Some forms of divination required specialist equipment and training. Others made use of whatever was on hand. There are some eighteenth-century records of rural Scotspeople practising fortune-telling by use of leafy vegetables. A subcategory of divination by nature, this practice was largely folkloric, and was probably practised for fun first and foremost.
In his record of a 1769 tour around Scotland, Thomas Pennant wrote that ‘The young people determine the figure and size of their husbands by drawing cabbages blindfold on All-Hallows Even’.1Thomas Pennant, The Additions to the Quarto Edition of the Tour in Scotland, 1769 (London, 1774), p. 18. This implies that divination by kale was largely practised by young women, though another source – Robert Burns’s 1785 poem ‘Halloween’, extracted below – features a male participant in the ritual.
In Scots, ‘kale’ or ‘kail’ could refer to cabbage of any variety. So important was kale in Scottish food cultivation that the word could be used to signify broth, or food broadly. It also featured in various proverbs. One, recorded in 1584, warned against starting quarrels and ‘scalding your lips on other men’s kale’. Another, noted in 1597, adapted a traditional and widely-quoted adage about using a long spoon to eat with the Devil (so as to keep your distance): ‘They that sup kale with the Devil have need of long spoons’. A third again recalls marriage prospects, contrasting a daydreaming suitor with a cynical maiden: ‘Apples and new ale, said the wooer; drowned mice and cold kale, said the maid’.2Entry for ‘kale’, Dictionary of the Scots Language (1963).
1731 painting by Richard Waitt, possibly of a man playing the role of a jester presiding over Halloween festivities. He holds a stem of kale with a candle inserted to make a torch.3Richard Waitt, The Cromartie Fool (1731), National Galleries of Scotland.
If you don’t have a patch of kale on hand, try playing the video below for a prediction of your romantic fortunes!
Any sort of kale could plausibly be uprooted for divinatory purposes, but we have favoured curly kale, also known as Scotch kale because of its prominence in Scottish cuisine.
Robert Burns’s poem ‘Halloween’ describes a party pulling kale. Unlucky Will draws a stalk as curly as a pig’s tail.4Robert Burns, ‘Halloween’ (1785, first pub. 1786), in The Complete Works of Robert Burns, ed. Alexander Smith (London, 1868), pp. 44-7.
Then, first and foremost, through the kail,
Their stocks maun a’ be sought ance;
They steek their een, and graip and wale,
For muckle anes and straught anes.
Poor hav’rel [fellow] Will fell aff the drift,
And wander’d through the bow-kail,
And pou’t [pulled], for want o’ better shift,
A runt was like a sow-tail,
Sae bow’t [bent] that night.
Then, staught or crooked, yird or nane,
They roar and cry a’ throu’ther;
The very wee things, todlin’, rin,
Wi’ stocks out owre their shouther;
And gif the custoc’s sweet or sour.
Wi’ joctelegs they taste them;
Syne cozily, aboon the door,
Wi cannie care, they’ve placed them
To lie that night.
Postcard by the American illustrator Ellen Clapsaddle (1865-1934).5William H. Hannon Library, Loyola Marymount University.
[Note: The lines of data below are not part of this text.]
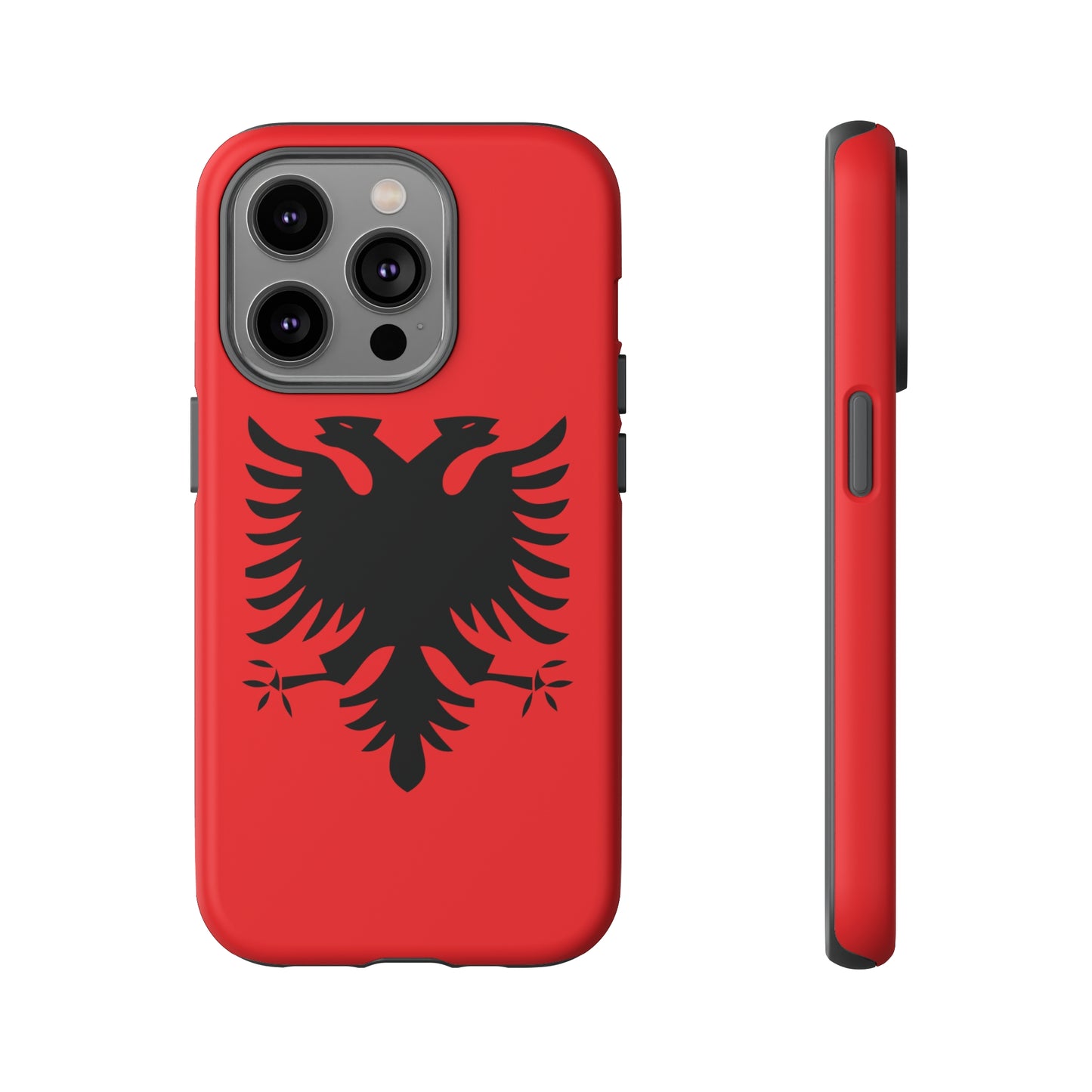 T5 Minimalist Albanian Flag Two Headed Eagle Smartphone Case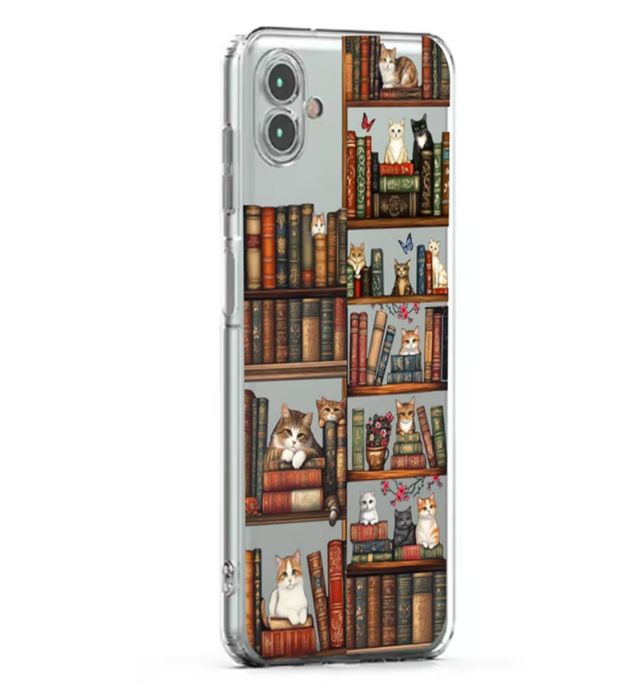 تصویر  کاور طرح Cat & Books برای گوشی اپل IPhone 17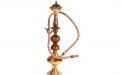 Exclusive Wasserpfeife aus Messing - 40 cm, Orange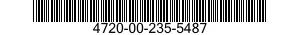 4720-00-235-5487  4720002355487 002355487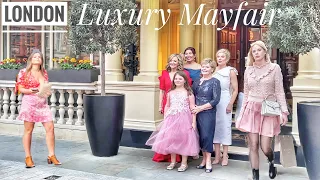Luxury London Walk in Mayfair, How rich people get married, Shepherd Market, Bond Street. 4K HDR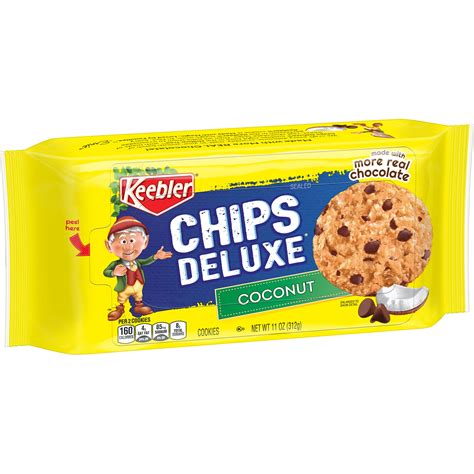 Buy Keebler Chips Deluxe Coconut Cookies 11 Oz Online At Lowest Price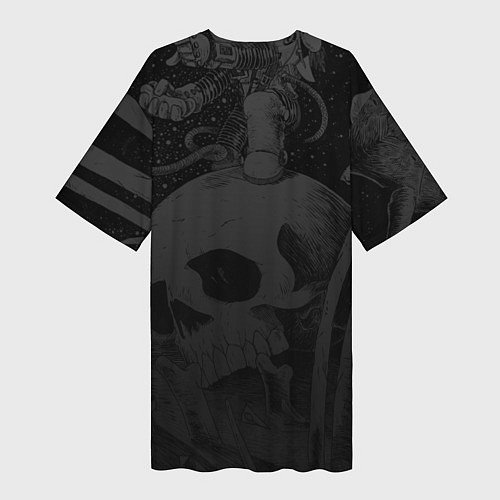 Женская длинная футболка Космическая фантастика / 3D-принт – фото 2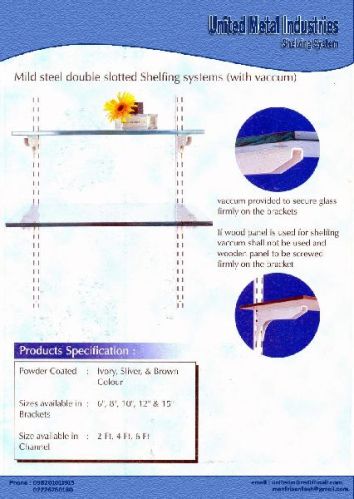 ADJUSTABLE SHELF BRACKET & CHANNEL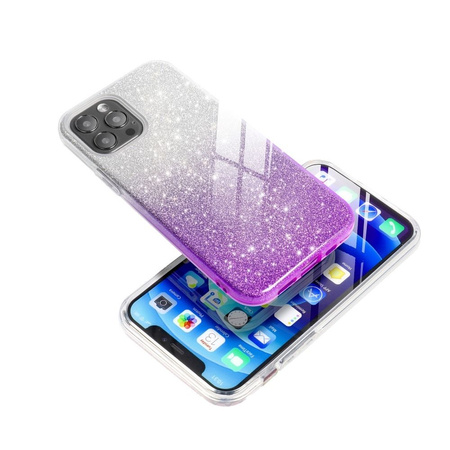 Futerał SHINING do IPHONE 11 PRO transparent/fiolet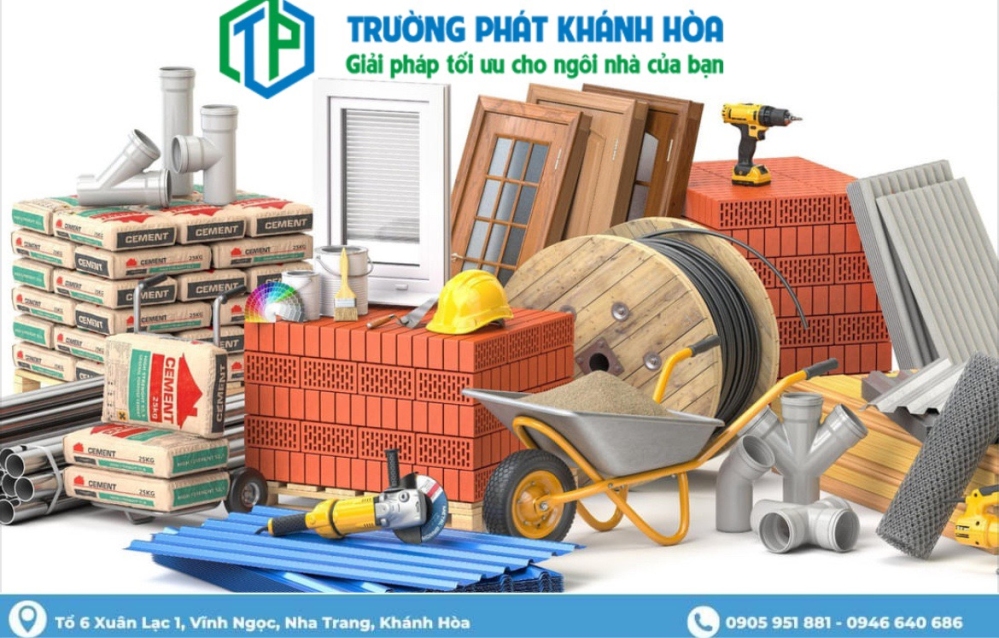 CÁC LOẠI VẬT LIỆU XÂY DỰNG CẦN THIẾT CHO CÔNG TRÌNH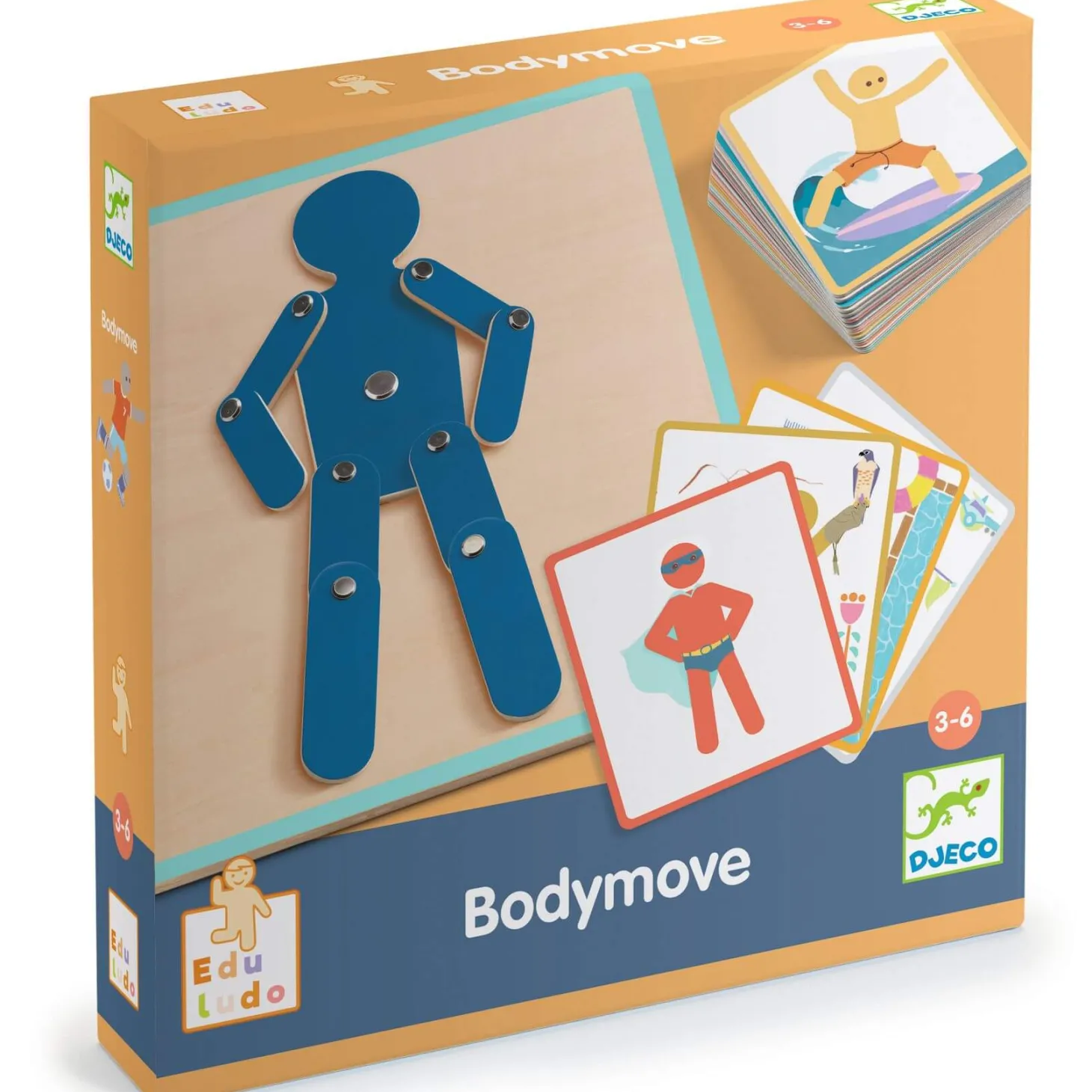 Eduludo gra edukacyjna BODYMOVE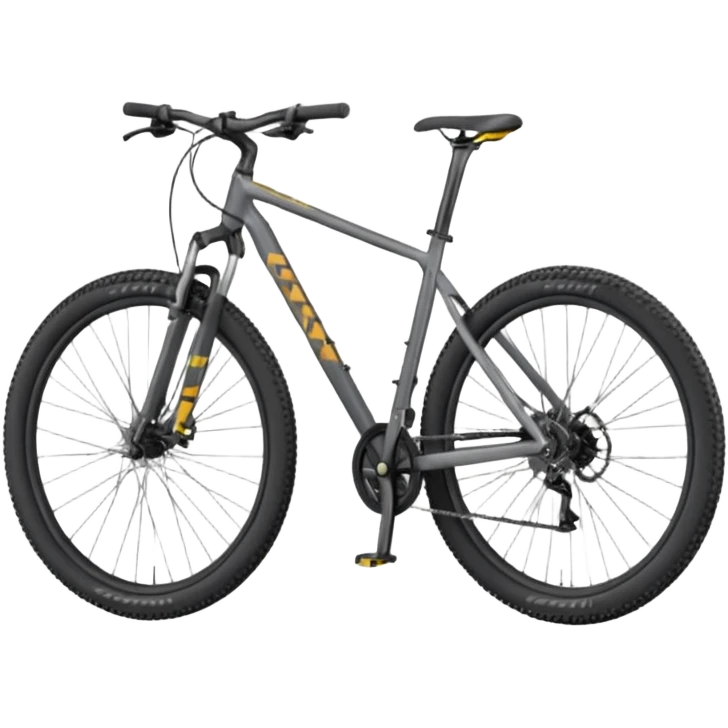 Bicicleta MTB Scott color gris obscuro emoji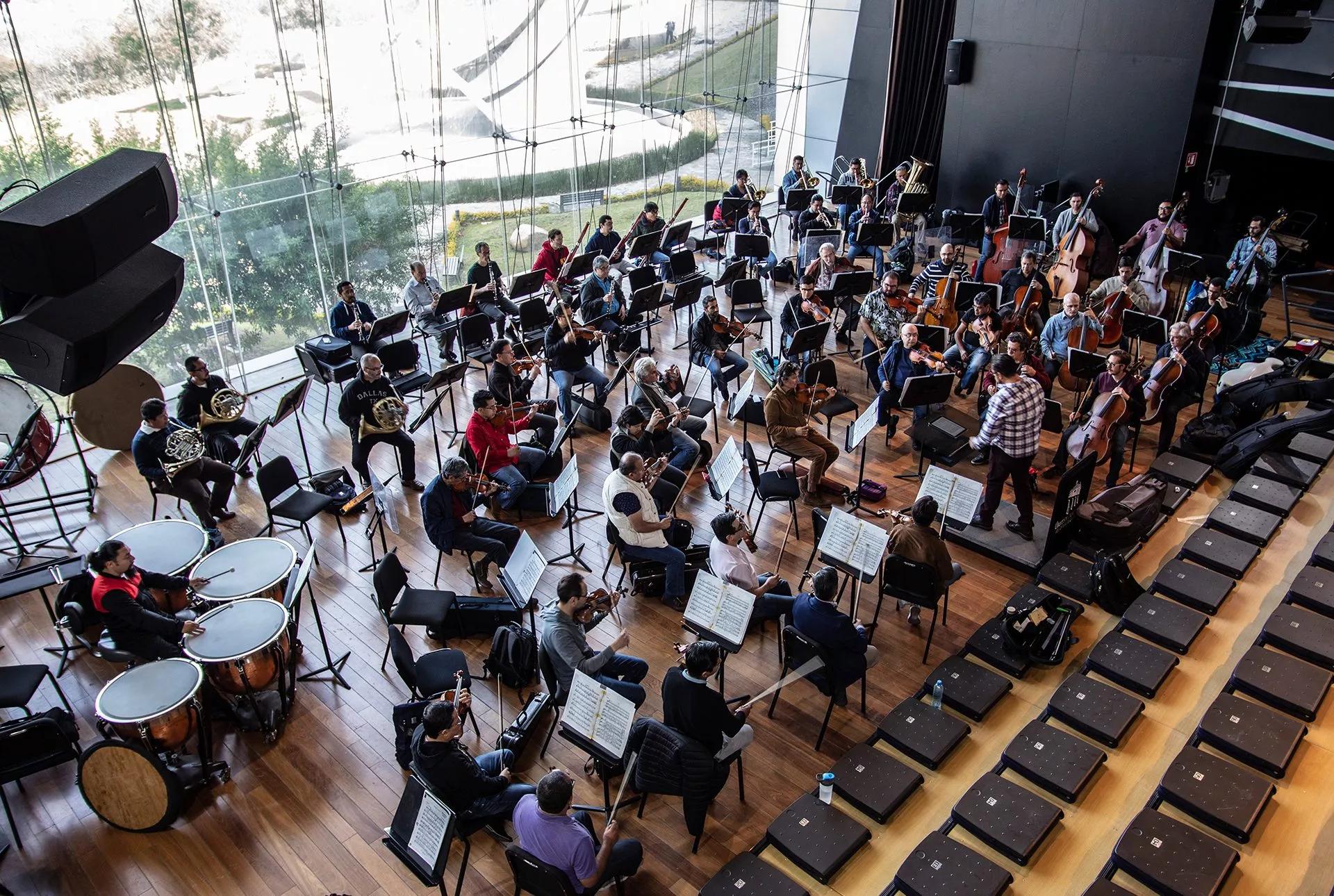 Répétition de l'orchestre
Extract from Burns’s explanatory notes for ‘Halloween’.6Robert Burns, ‘Halloween’ (1785, first pub. 1786), in The Complete Works of Robert Burns, ed. Alexander Smith (London, 1868), p. 44.
The first ceremony of Halloween is pulling each a stock, or plant of kail. They must go out, hand in hand, with eyes shut, and pull the first they meet with. Its being big or little, straight or crooked, is prophetic of the size and shape of the grand object of all their spells – the husband or wife. If any yird, or earth, stick to the root, that is tocher, or fortune; and the taste of the custock, that is, the heart of the stem, is indicative of the natural temper and disposition. Lastly, the stems, or, to give them their ordinary appellation, the runts, are placed somewhere above the head of the door; and the Christian names of the people whom chance brings into the house, are, according to the priority of placing the runts, the names in question.